着做生意,想当初我跟你爸再穷不也把你们兄妹五个都拉扯大了,心甭那强,要人重要!这二天和你嫂子商量着是把机器转卖了还是分伙,一家人啥话都好说!这几天把这事弄妥当了,往后就窝家,吃喝让老二给你弄,把大门让人在外门锁着装作家里没人的样子,估计这孩子生时也就到年底了,到时我住你这儿照应着你!”二姥姥最后拍板。
一群人又低声商量了下细节,这才分别回家。

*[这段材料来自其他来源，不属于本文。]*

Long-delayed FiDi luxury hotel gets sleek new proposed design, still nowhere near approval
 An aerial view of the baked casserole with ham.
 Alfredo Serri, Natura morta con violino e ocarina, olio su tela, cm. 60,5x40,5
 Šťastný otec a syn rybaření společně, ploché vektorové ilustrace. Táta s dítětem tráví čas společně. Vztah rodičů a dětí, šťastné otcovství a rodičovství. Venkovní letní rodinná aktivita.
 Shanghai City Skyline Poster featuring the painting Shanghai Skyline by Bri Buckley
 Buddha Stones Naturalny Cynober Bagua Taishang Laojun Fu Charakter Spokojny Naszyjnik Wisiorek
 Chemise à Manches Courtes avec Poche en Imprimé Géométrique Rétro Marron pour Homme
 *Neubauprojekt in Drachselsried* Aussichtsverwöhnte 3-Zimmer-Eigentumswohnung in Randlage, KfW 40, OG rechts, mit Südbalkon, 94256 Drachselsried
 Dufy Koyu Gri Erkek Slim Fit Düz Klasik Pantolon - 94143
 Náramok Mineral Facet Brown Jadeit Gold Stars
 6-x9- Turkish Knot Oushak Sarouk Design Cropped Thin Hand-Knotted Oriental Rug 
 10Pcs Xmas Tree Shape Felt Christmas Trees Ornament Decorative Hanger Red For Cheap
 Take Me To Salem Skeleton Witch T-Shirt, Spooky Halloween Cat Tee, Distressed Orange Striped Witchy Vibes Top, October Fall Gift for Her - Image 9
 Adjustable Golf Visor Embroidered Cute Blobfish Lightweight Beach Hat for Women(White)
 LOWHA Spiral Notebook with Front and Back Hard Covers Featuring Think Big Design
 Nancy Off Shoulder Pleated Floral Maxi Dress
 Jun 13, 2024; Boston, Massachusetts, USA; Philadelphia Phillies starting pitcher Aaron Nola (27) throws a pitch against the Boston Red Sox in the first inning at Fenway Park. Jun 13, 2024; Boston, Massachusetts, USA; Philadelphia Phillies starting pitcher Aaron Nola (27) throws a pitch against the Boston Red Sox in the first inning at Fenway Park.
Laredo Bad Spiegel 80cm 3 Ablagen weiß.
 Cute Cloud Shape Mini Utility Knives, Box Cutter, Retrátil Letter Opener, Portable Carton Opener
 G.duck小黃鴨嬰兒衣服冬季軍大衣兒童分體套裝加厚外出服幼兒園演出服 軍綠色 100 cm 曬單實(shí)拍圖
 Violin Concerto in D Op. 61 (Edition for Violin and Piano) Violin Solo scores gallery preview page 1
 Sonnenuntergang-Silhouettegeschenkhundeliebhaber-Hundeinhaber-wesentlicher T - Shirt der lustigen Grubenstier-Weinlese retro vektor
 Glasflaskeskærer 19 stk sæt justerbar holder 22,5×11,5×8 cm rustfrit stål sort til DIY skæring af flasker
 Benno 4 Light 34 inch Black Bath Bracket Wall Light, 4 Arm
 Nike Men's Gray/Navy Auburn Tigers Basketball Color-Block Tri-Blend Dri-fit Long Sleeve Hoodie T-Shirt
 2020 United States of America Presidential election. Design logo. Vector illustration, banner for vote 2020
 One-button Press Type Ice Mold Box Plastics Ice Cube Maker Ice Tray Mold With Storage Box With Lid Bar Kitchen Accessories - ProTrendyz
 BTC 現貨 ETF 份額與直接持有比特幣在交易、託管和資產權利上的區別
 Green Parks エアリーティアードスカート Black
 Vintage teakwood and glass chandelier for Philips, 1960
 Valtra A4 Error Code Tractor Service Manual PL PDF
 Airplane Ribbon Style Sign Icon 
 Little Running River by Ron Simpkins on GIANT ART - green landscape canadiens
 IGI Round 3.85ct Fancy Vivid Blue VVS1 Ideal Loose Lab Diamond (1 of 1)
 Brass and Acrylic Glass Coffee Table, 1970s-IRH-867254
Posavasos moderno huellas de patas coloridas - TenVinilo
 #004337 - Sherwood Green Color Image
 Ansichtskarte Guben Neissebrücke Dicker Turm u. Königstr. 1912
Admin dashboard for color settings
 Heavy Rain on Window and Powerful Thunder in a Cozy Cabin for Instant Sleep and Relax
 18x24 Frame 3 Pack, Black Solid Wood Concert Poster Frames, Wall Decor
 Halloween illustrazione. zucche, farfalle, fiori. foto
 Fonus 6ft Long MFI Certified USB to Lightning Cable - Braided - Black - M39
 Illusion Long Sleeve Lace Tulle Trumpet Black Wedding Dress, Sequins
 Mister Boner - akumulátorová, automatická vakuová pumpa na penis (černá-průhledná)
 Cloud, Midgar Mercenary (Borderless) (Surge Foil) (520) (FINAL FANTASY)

杜妈一路上拉着杜锦弦的手,外面上看不出什么,可到家招呼着兄妹俩睡下后,躺在床上翻来覆去好半天才没了动静。
北京某军区大队
刘广业躺在卧室床上,问妻子叶杜鹃:“小杜说要来看我的,这两天正好下连队,他来都说点啥?家里麦子收了吧,他现是有几个孩子来着?记得老二结婚有孩子了,那老三也快了吧?他那俩小兄弟现在上到几年级了?”
叶杜鹃本来挺高兴几天不见的丈夫回家了,听见这人连老婆孩子都没问反倒问起那八竿子连不上的远房亲戚,反手把衣服往床上一甩,“来了,丢下礼就走了。”
刘广业睁开双眼奇怪地问,“咋了,是有啥急事?我走时不是交待过,要是我不在家,你好好做顿饭,让老大陪着款待下吗?”
叶杜鹃本来想反驳,可话到嘴边又改了,“人家急着赶火车呢,你别瞎操心了,一把年纪的人了,下去这一回都瘦了,好好躺着歇歇吧!”说完,利落地收拾好东西,关门出去。下楼的时候,看见大儿子刘军有些不安地站在客厅,“妈,我刚咋听到爸提到杜承墨的名字了?他要知道我们把杜承墨赶出门,不得气坏了啊!”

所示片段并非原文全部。